EXERCISE:
All of the listing below must be repeated word for word. Pictures are the only thing to omit.

WORKING DATA:
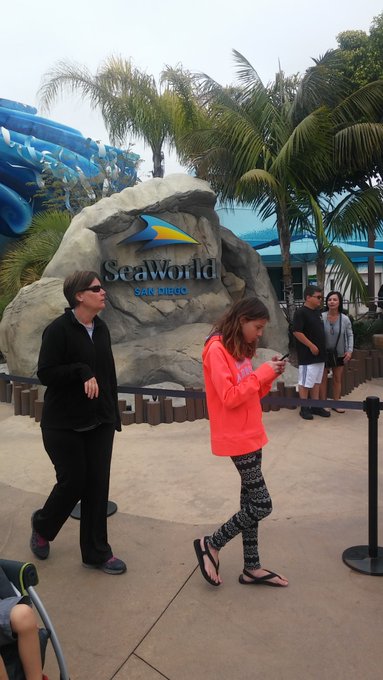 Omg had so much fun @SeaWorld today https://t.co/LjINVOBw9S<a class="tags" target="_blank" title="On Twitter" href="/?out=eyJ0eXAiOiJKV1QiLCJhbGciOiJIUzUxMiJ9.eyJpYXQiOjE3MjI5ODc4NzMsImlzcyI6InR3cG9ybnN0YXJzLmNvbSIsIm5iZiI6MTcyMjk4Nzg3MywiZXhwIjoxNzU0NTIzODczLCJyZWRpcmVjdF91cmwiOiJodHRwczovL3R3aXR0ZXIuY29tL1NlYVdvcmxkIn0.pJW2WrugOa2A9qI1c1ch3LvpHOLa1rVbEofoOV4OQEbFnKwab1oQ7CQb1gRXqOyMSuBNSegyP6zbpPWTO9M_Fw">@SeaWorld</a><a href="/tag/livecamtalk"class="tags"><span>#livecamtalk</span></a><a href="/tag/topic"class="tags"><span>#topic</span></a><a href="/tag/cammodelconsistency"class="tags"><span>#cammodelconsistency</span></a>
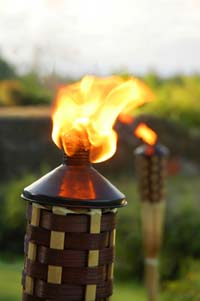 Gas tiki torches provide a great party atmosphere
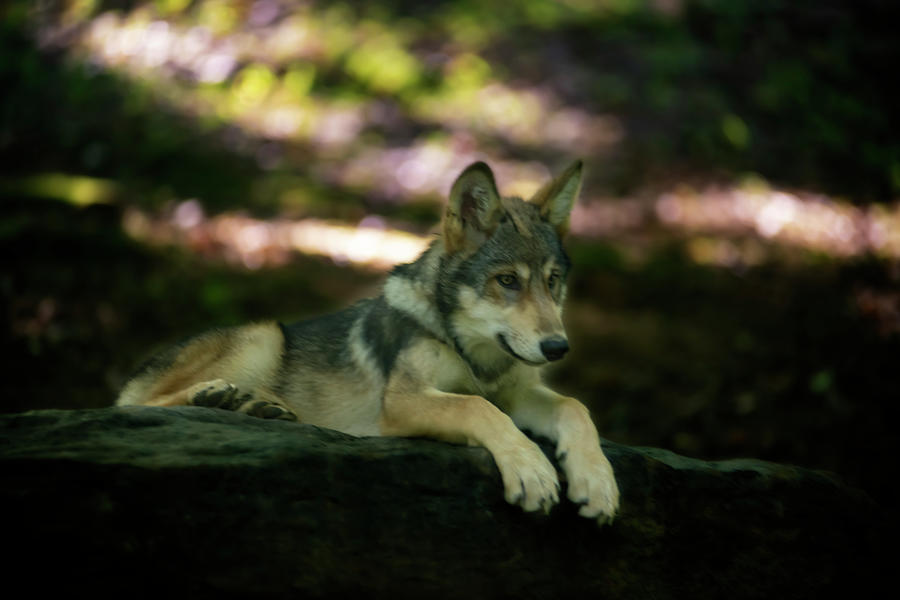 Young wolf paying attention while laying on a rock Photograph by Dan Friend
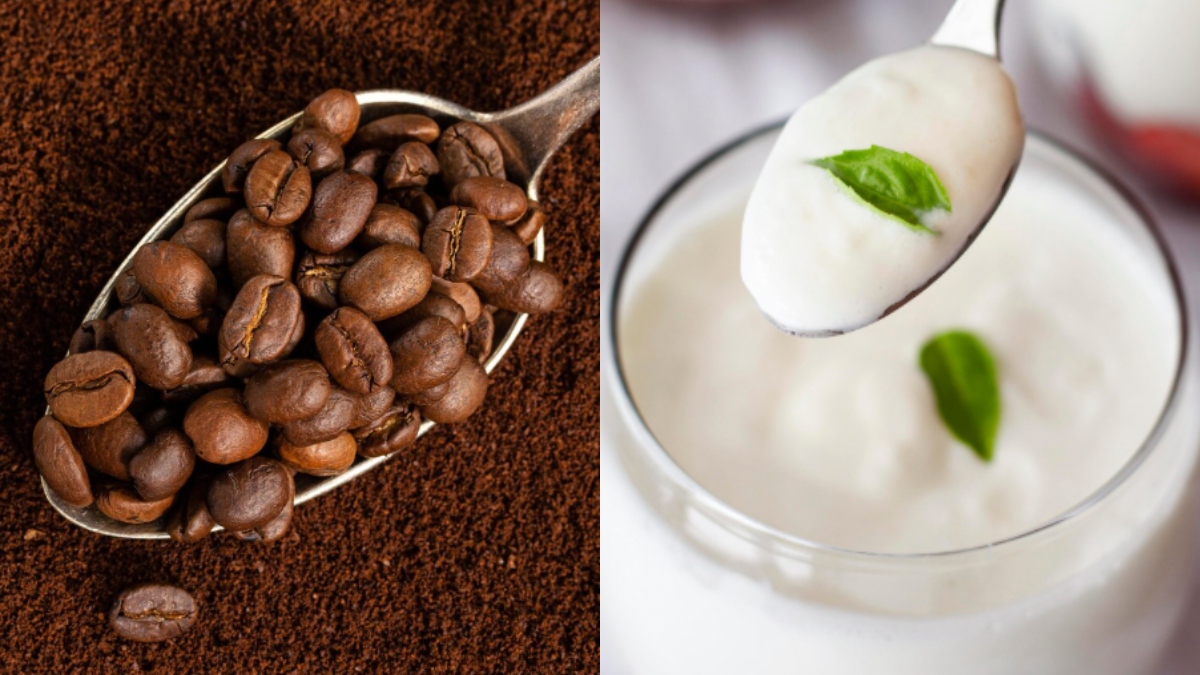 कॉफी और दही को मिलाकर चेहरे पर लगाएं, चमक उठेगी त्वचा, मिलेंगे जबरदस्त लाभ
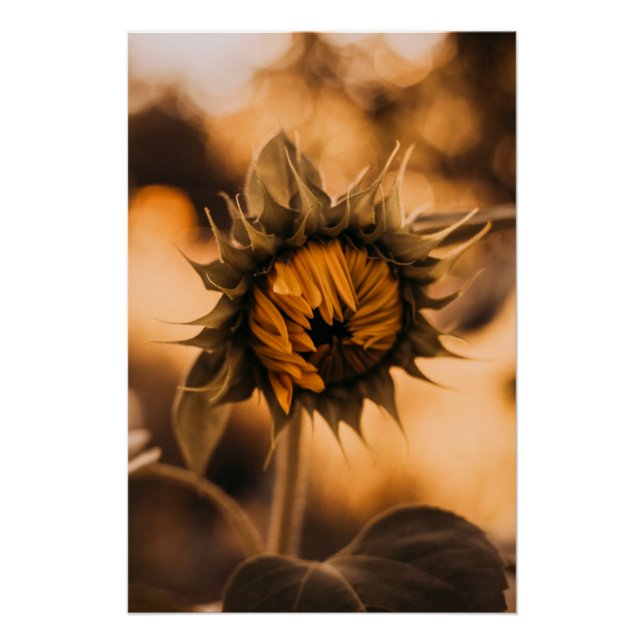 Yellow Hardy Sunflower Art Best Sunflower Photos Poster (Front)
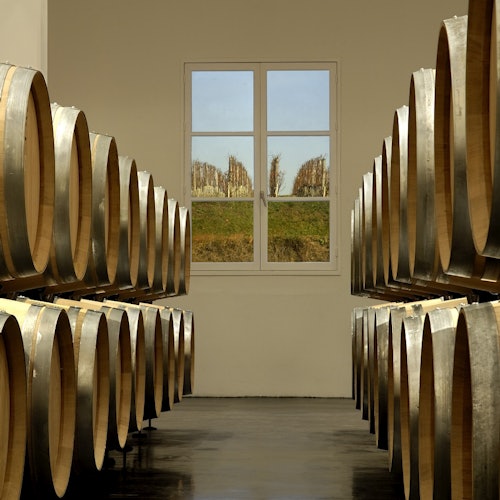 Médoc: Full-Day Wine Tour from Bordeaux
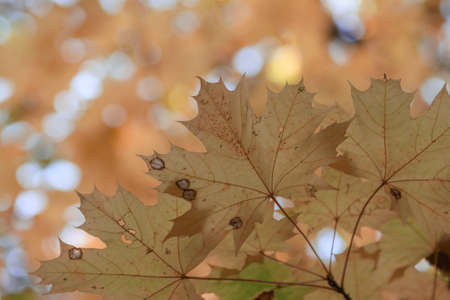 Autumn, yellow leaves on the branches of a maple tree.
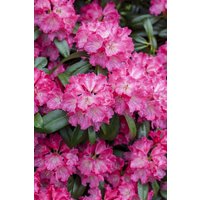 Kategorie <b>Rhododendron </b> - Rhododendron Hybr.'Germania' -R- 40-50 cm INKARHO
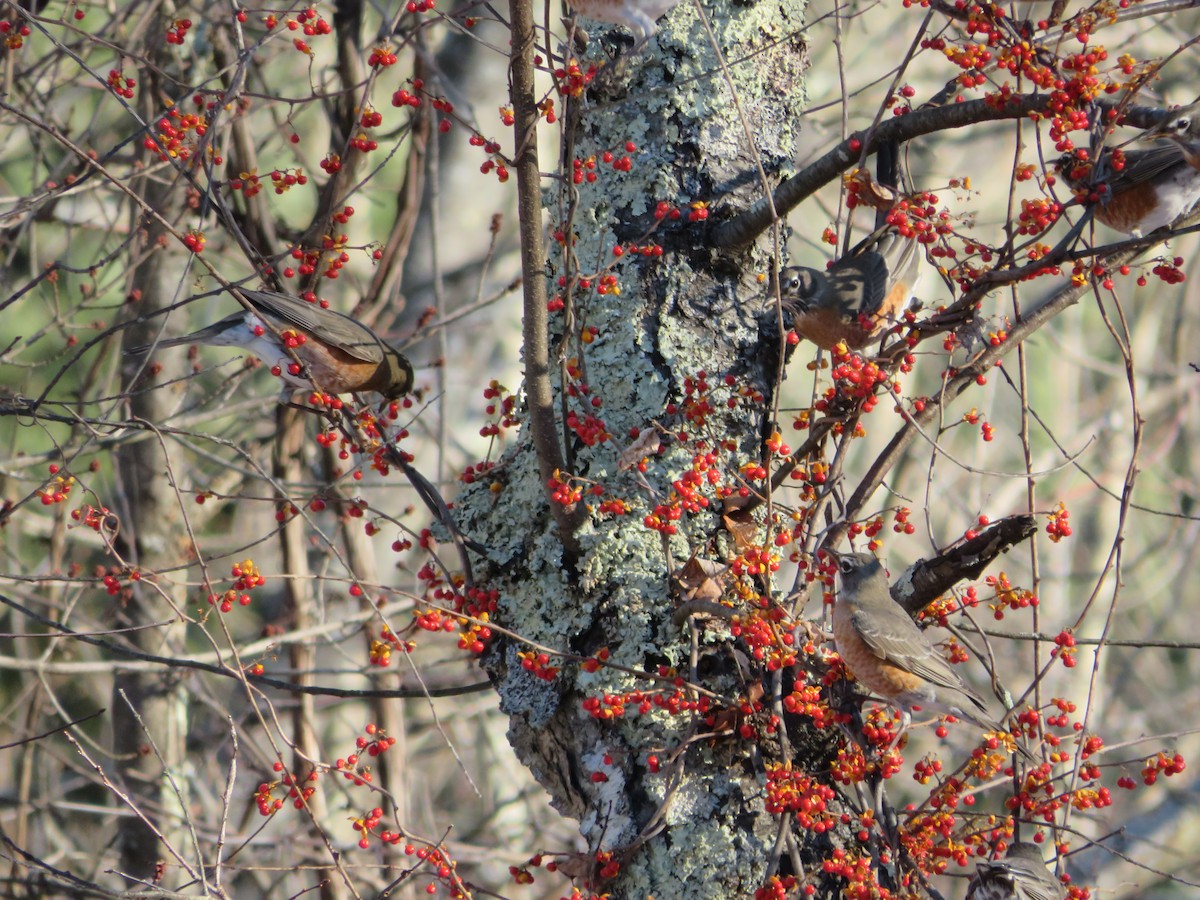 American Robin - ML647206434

YOUR SOLUTION:
 Omg had so much fun @SeaWorld today https://t.co/LjINVOBw9S<a class="tags" target="_blank" title="On Twitter" href="/?out=eyJ0eXAiOiJKV1QiLCJhbGciOiJIUzUxMiJ9.eyJpYXQiOjE3MjI5ODc4NzMsImlzcyI6InR3cG9ybnN0YXJzLmNvbSIsIm5iZiI6MTcyMjk4Nzg3MywiZXhwIjoxNzU0NTIzODczLCJyZWRpcmVjdF91cmwiOiJodHRwczovL3R3aXR0ZXIuY29tL1NlYVdvcmxkIn0.pJW2WrugOa2A9qI1c1ch3LvpHOLa1rVbEofoOV4OQEbFnKwab1oQ7CQb1gRXqOyMSuBNSegyP6zbpPWTO9M_Fw">@SeaWorld</a><a href="/tag/livecamtalk"class="tags"><span>#livecamtalk</span></a><a href="/tag/topic"class="tags"><span>#topic</span></a><a href="/tag/cammodelconsistency"class="tags"><span>#cammodelconsistency</span></a>
 Gas tiki torches provide a great party atmosphere
 Young wolf paying attention while laying on a rock Photograph by Dan Friend
 कॉफी और दही को मिलाकर चेहरे पर लगाएं, चमक उठेगी त्वचा, मिलेंगे जबरदस्त लाभ
 Yellow Hardy Sunflower Art Best Sunflower Photos Poster (Front)
 Médoc: Full-Day Wine Tour from Bordeaux
 Autumn, yellow leaves on the branches of a maple tree.
 Kategorie <b>Rhododendron </b> - Rhododendron Hybr.'Germania' -R- 40-50 cm INKARHO
 American Robin - ML647206434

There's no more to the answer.